Each such notice, request or other communication shall be effective (i) if
given by telecopier, when such telecopy is transmitted to the telecopier number
specified in this Section 10.7 and a confirmation of such telecopy has been
received by the sender, (ii) if given by telex, when such telex is transmitted
to the telex number specified in this Section 10.7 and the answer back is
received by sender, (iii) if given by mail, five (5) days after such
communication is deposited in the mail, certified or registered with return
receipt requested, addressed as aforesaid or (iv) if given by any other means,
when delivered at the address specified in this Section 10.7.

     SECTION 10.8 HEADINGS.  Section headings used in this Agreement are for
convenience of reference only and are not a part of this Agreement for any
other purpose.

     SECTION 10.9 SEVERABILITY OF PROVISIONS.  Any provision of this Agreement
which is unenforceable in any jurisdiction shall, as to such jurisdiction, be
ineffective to the extent of such unenforceability without invalidating the
remaining provisions hereof or affecting the validity or enforceability of such
provision in any other jurisdiction.

     SECTION 10.10 COUNTERPARTS.  This Agreement may be executed in any number
of counterparts, and by different parties hereto on separate counterpart
signature pages, and all such counterparts taken together shall be deemed to
constitute one and the same instrument.

     SECTION 10.11 BINDING NATURE, GOVERNING LAW, ETC.  This Agreement shall be
binding upon the Borrower and its successors and assigns, and shall inure to
the benefit of the Bank and the benefit of its successors and assigns,
including any subsequent holder of the Note.  This Agreement and the rights and
duties of the parties hereto shall be construed and determined in accordance
with the laws of the State of Illinois without regard to principles of
conflicts of laws.  This Agreement constitutes the entire understanding of the
parties with respect to the subject matter hereof and any prior agreements,
whether written or oral, with respect thereto are superseded hereby.

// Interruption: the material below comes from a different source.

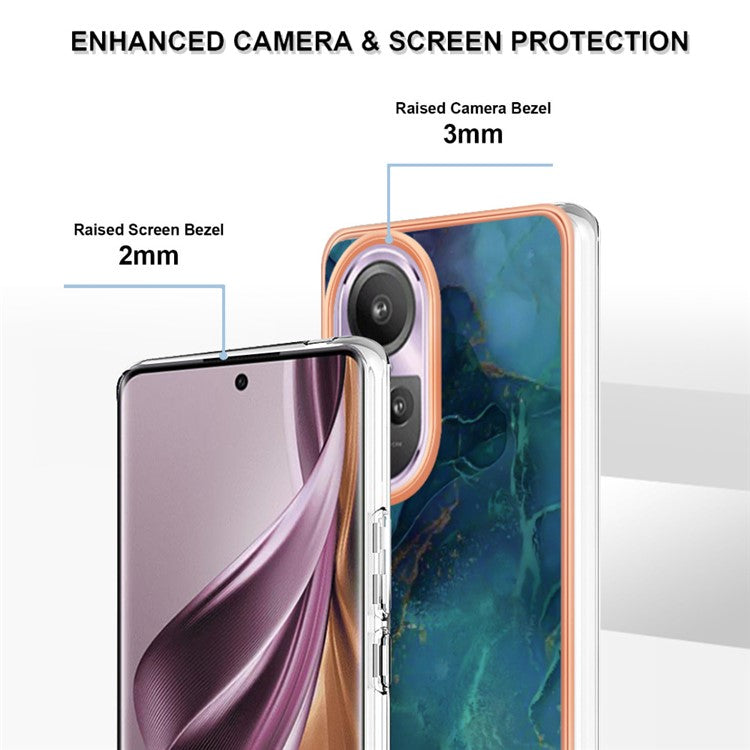 YB IMD Series-16 Style-E Marble Pattern Phone Case for Oppo Reno10 Pro 5G (Global) Electroplating IMD 2.0mm TPU Protective Cover - Green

     SECTION 10.12 CONCERNING THE BORROWER.  The term "Borrower" as used herein
shall mean and include the undersigned as trustees of the Trust and their
successors in trust not individually but solely as Trustees under that certain
Aasche Transportation Services, Inc. Employees' Stock Ownership Trust dated
effective as of September 22, 1994, between the undersigned and the Parent
Company, and this Agreement shall be binding upon the undersigned and their
successors and assigns and upon the trust estate.  Subject to Section 10.13
hereof, the undersigned assume no personal liability or responsibility for
payment of the indebtedness evidenced by the Note or for observance or
performance of the covenants and agreements herein contained or for the
truthfulness of the representations and warranties herein contained, the
undersigned having executed this Agreement and the Note solely in their
capacity as trustees as aforesaid to bind the undersigned, their successors in
trust and the trust estate.


                                     13


<PAGE>   14



     SECTION 10.13 LIMITED LIABILITY.  Anything contained herein or in the Note
to the contrary notwithstanding, the sole and only recourse of the Bank and any
other holder of the Note as against the Borrower for the payment of the
obligations hereunder and under the Note shall be to (i) the Collateral, (ii)
contributions made to the Plan and the Trust by sponsoring employers to enable
the Borrower to meet its obligations hereunder and under the Note, and (iii)
earnings attributable to the Collateral and to the investment of sponsoring
employer contributions as aforesaid.  The foregoing limitations shall not
affect the rights of the Bank, which are unconditional and absolute, to declare
the indebtedness evidenced by the Note to be immediately due and payable upon
the occurrence of any Event of Default or to proceed against any Guarantor or
the Collateral.

     Upon your acceptance hereof in the manner hereinafter set forth, this
Agreement shall constitute a contract between us for the uses and purposes
hereinabove set forth.

     Dated as of this      23      day of June, 1998.
                     --------------
                                       Dennis D. Wilson and James A.
                                       Jalovec and their successors in
                                       trust, not individually but solely
                                       as trustees under that certain
                                       Aasche Transportation Services, Inc.
                                       Employees' Stock Ownership Trust
                                       dated effective as of September 22,
                                       1994 between the undersigned and
                                       Aasche Transportation Services, Inc.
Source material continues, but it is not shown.